Monday, September 10, 2012

Yoo Hoo! What's Going on Over There??

Here is a report from the women's side in shul. 

I am not complaining, chas v'shalom.  I personally really love going to shul.  All I want you men to know is that we women often have NO IDEA what is going on over on your side. 

For example, here are some common problems and my suggestions for solutions:

New father goes up for his aliyah, and we hear (we think) that the mi shebayrach has morphed into a baby naming.  We get all excited, straining to hear the name.  The the gabbai says it - too fast, too low.  We miss it, every time.  Then the whispering starts.  Every single woman turns to the woman next to her and says, "Did you hear it?"  "I think I did, but it sounded like 'Crocus Pizza' - that can't be right, can it?"  Well not unless the mother was a Hollywood star.
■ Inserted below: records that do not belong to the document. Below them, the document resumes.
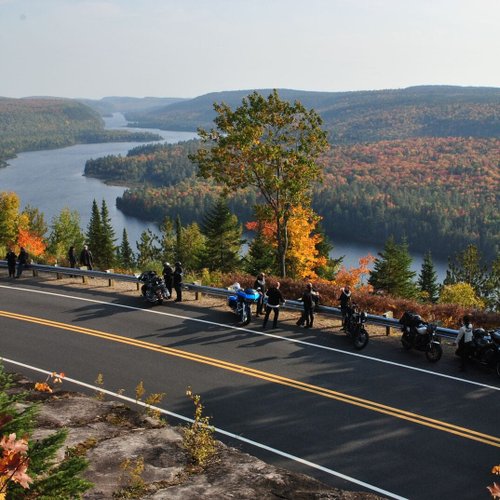 Kanada Reise Mauricie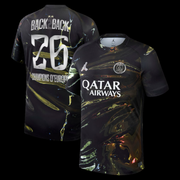 Paris SG Maillot Night Edition 25/26 – CHAMPIONS ⭐⭐ — vue 2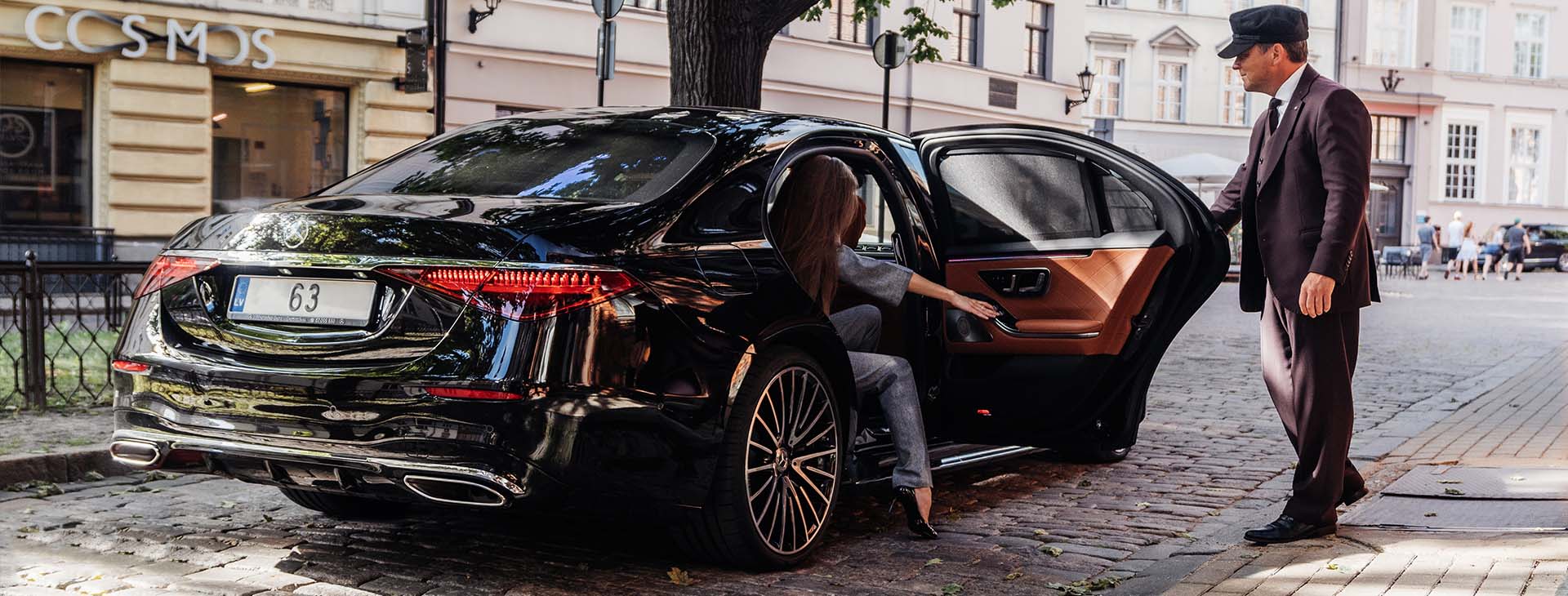Antalya VIP Transfer: Reibungslose und angenehme Transfers mit maximalem Komfort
  • SOLUTION:  Please ask the new parents to have a poster ready with the name of the baby on it that the father can hold up immediately after the naming.  Oh, and a brief explanation of who she is named for wouldn't hurt, if it isn't too much trouble. Oh, and please the full names, cities of residence, professions, and relations to local people of the parents, grandparents, and great grandparents.  Again, if it isn't too much trouble.

Yes, we are also interested in who gets aliyos.  But can we tell who they are?  Almost never.  First of all, the man usually starts putting his tallis over his head before he gets up there.  Second of all, the voice is muffled by the tallis, so we can't tell that way either. 
  • SOLUTION:  Would it be possible for the men to have a sign on the back of their talleisim with their names please?  Oh, and some identification, like "Shmuel Schwartz, the new son in law of the Goldberg family, he is learning in Telz and his parents are - yes, you are right - Malkie and Hillel Schwartz of Cleveland!  Yes!  originally from Flatbush!"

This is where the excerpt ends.